◆ Exercise
Word for word, please copy the listing below, with its pictures left out.

◆ Extracted records
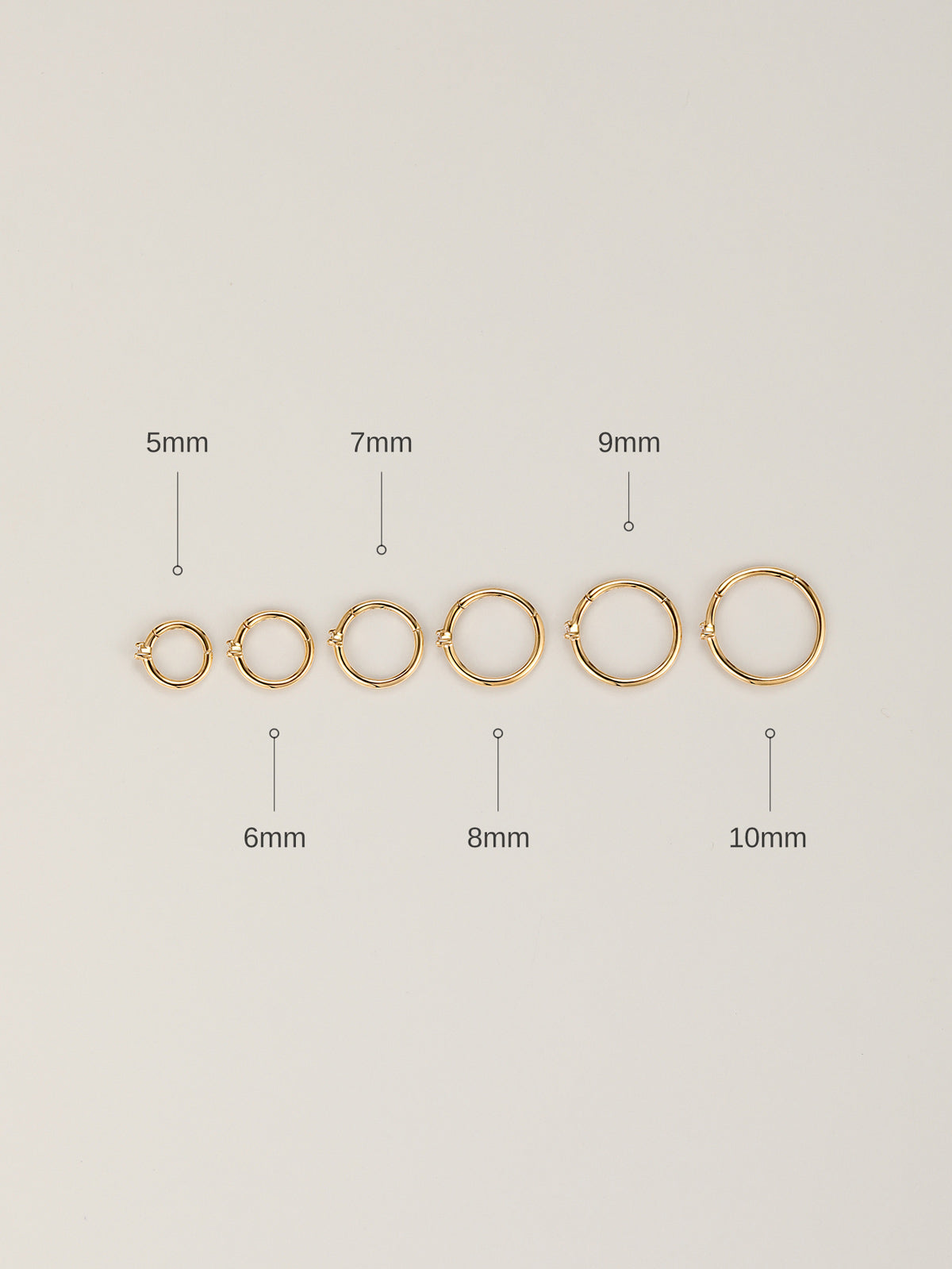 KOSINER 14K Solid Gold Classic Lab-Grown Diamond Hoop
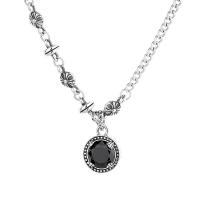 Zircon cubique Micro Pave collier en argent sterling, Argent sterling 925, Vintage & pavé de micro zircon & pour femme, noire Environ 17.71 pouce, Vendu par PC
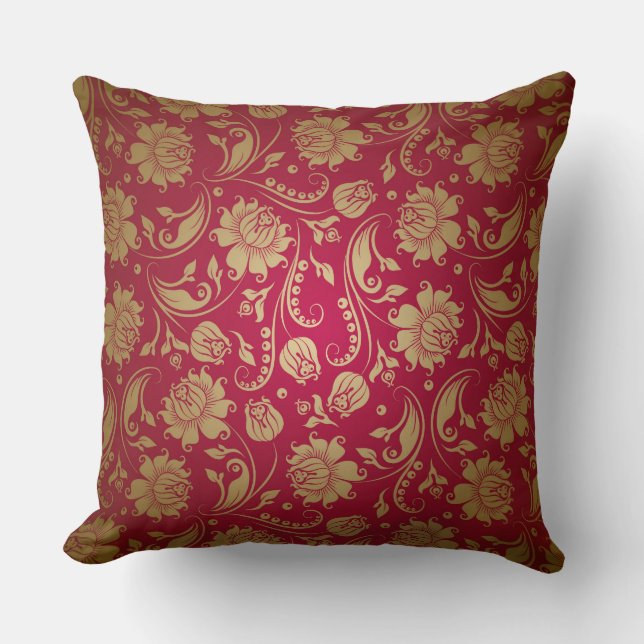 Gold & Burgundy Red Floral Damasks Pattern Cushion (Front)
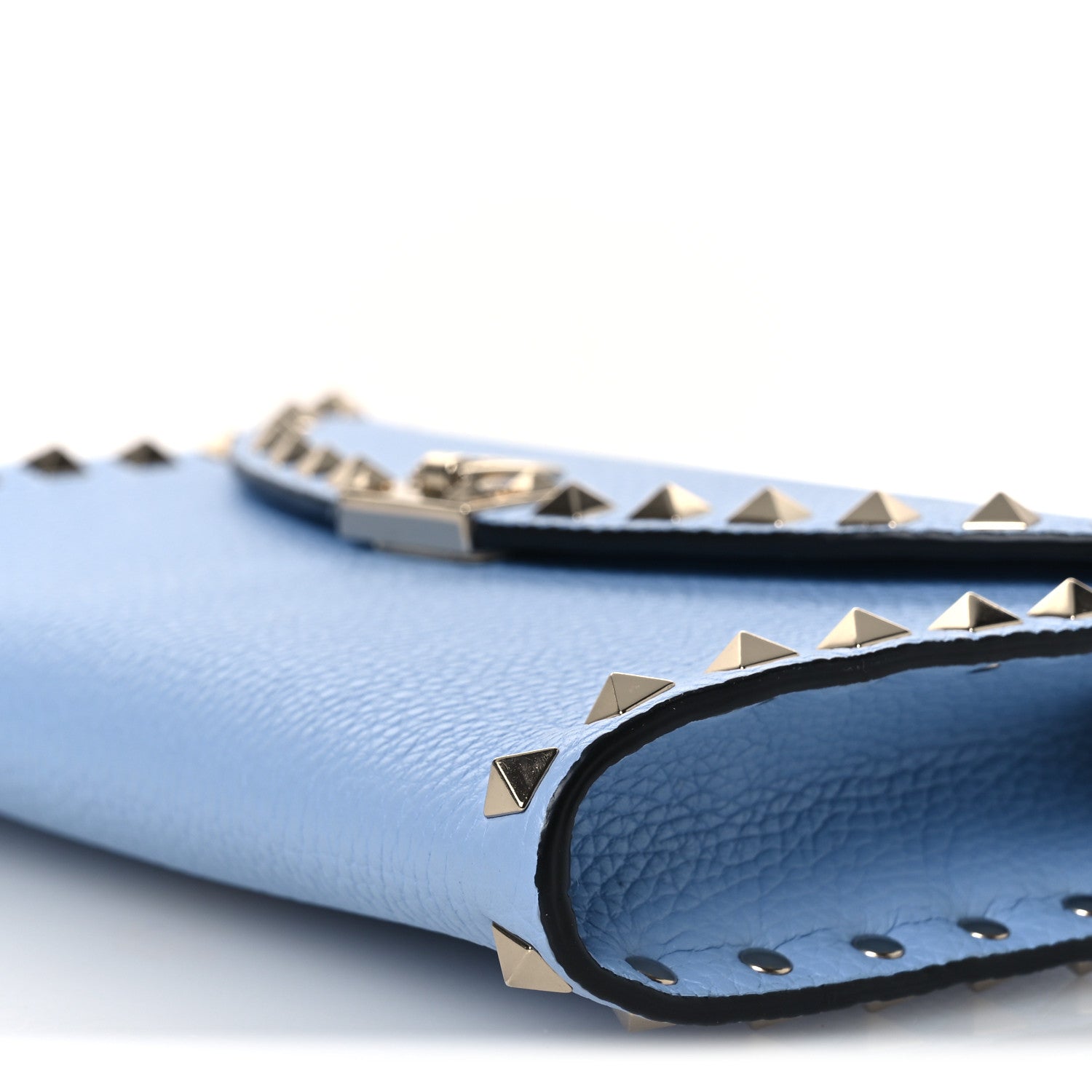 Valentino Garavani Grainy Calfskin Rockstud Flip Lock Wallet With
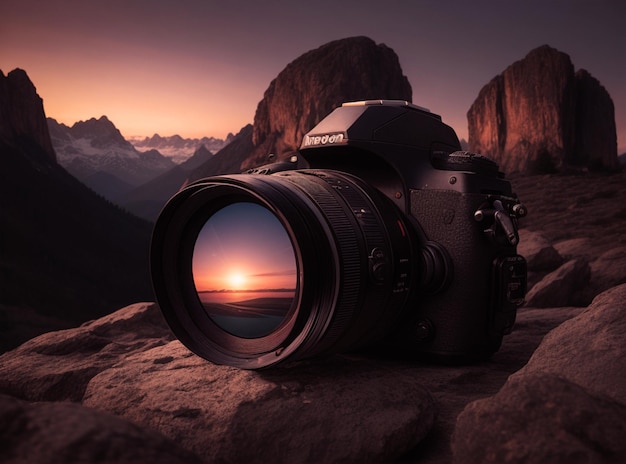 World Photography camera dark background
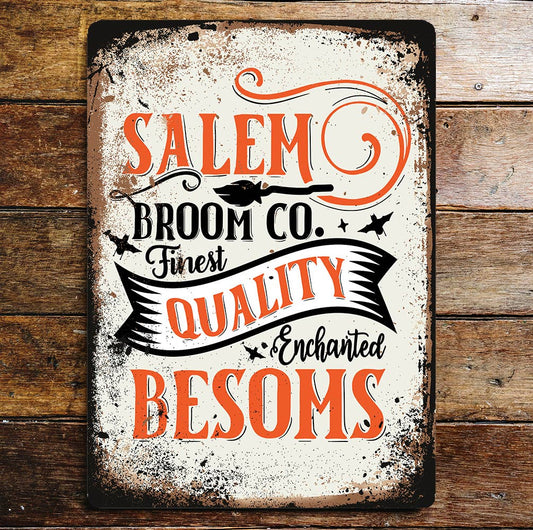 Halloween quality brooms | Metal Wall Sign Plaque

◆ Exercise output
 KOSINER 14K Solid Gold Classic Lab-Grown Diamond Hoop
 Zircon cubique Micro Pave collier en argent sterling, Argent sterling 925, Vintage & pavé de micro zircon & pour femme, noire Environ 17.71 pouce, Vendu par PC
 Gold & Burgundy Red Floral Damasks Pattern Cushion (Front)
 Valentino Garavani Grainy Calfskin Rockstud Flip Lock Wallet With
 World Photography camera dark background
 Halloween quality brooms | Metal Wall Sign Plaque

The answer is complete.